Volatile flux from subduction zone volcanoes: Insights from a detailed evaluation of the fluxes from volcanoes in Japan Journal Article uri icon

DCO ID 11121/1095-2803-7787-5288-CC

is Contribution to the DCO

  • YES

year of publication

  • 2013

abstract

  • Global volatile fluxes from subaerial volcanoes at subduction zones were estimated based on a compilation of fluxes from various sources, including persistent degassing, hot and cold springs, soil degassing, and eruptions. Because worldwide comprehensive datasets are not available, especially for diffuse volatile discharges, volatile fluxes from Japan arcs were estimated based on detailed datasets, and the regional fluxes were extrapolated to the global flux with consideration of the regional characteristics of volcanic volatile compositions, which were estimated based on volcanic gas compositions of persistent degassing.

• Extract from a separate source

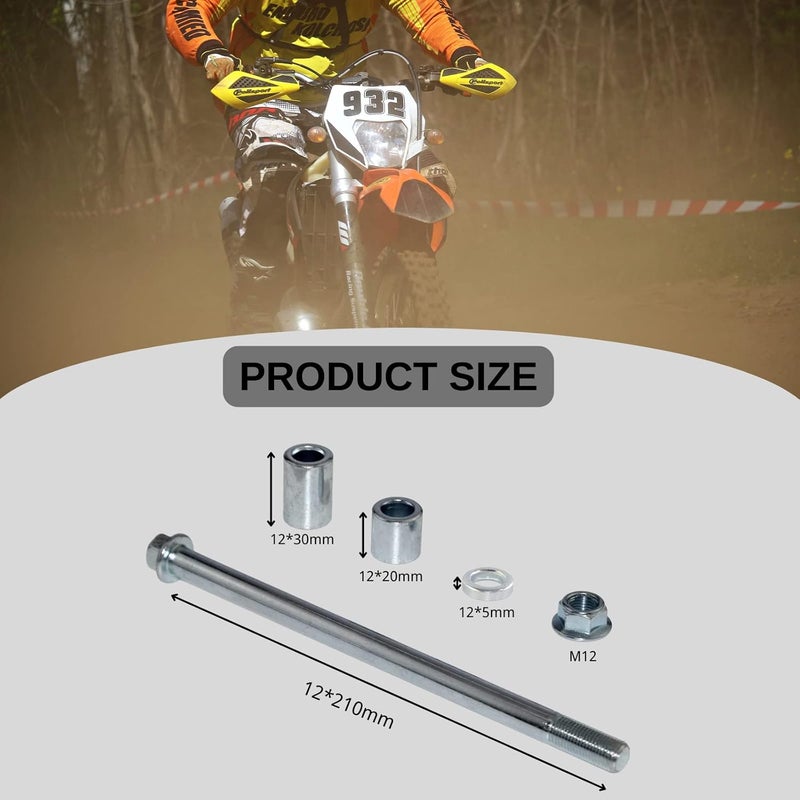 SIPARTS 12mm 210mm Front Rear Axle with Bushing 5mm 20mm 30mm Fit for Pit Dirt Bike Moped Scooter QUAD ATV Mini Bike Parts 50cc 110cc 125cc - Image 2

The estimated global fluxes indicate that persistent degassing is the major source of volatiles, especially for S with a contribution of 80%. Diffuse discharges and persistent degassing are similarly important sources of H2O, CO2, and Cl, but the contribution of explosive eruptions is less than 15% for all the volatiles. The estimates of diffuse degassing fluxes include large errors due to limited data. However, the potential impact of these sources on the global flux indicates the importance of further studies to quantify these fluxes. The volatile budget of subduction zone volcanism was evaluated by comparing the estimated volatile fluxes, the volatile contents in the crust, and the primitive magma volatile contents. The contribution of volatiles remaining in the crust are not significant; however, consideration of lower crust foundering significantly alters the volatile budget estimate because the primitive magma supply rate should be significantly increased to account for the lower crust foundering.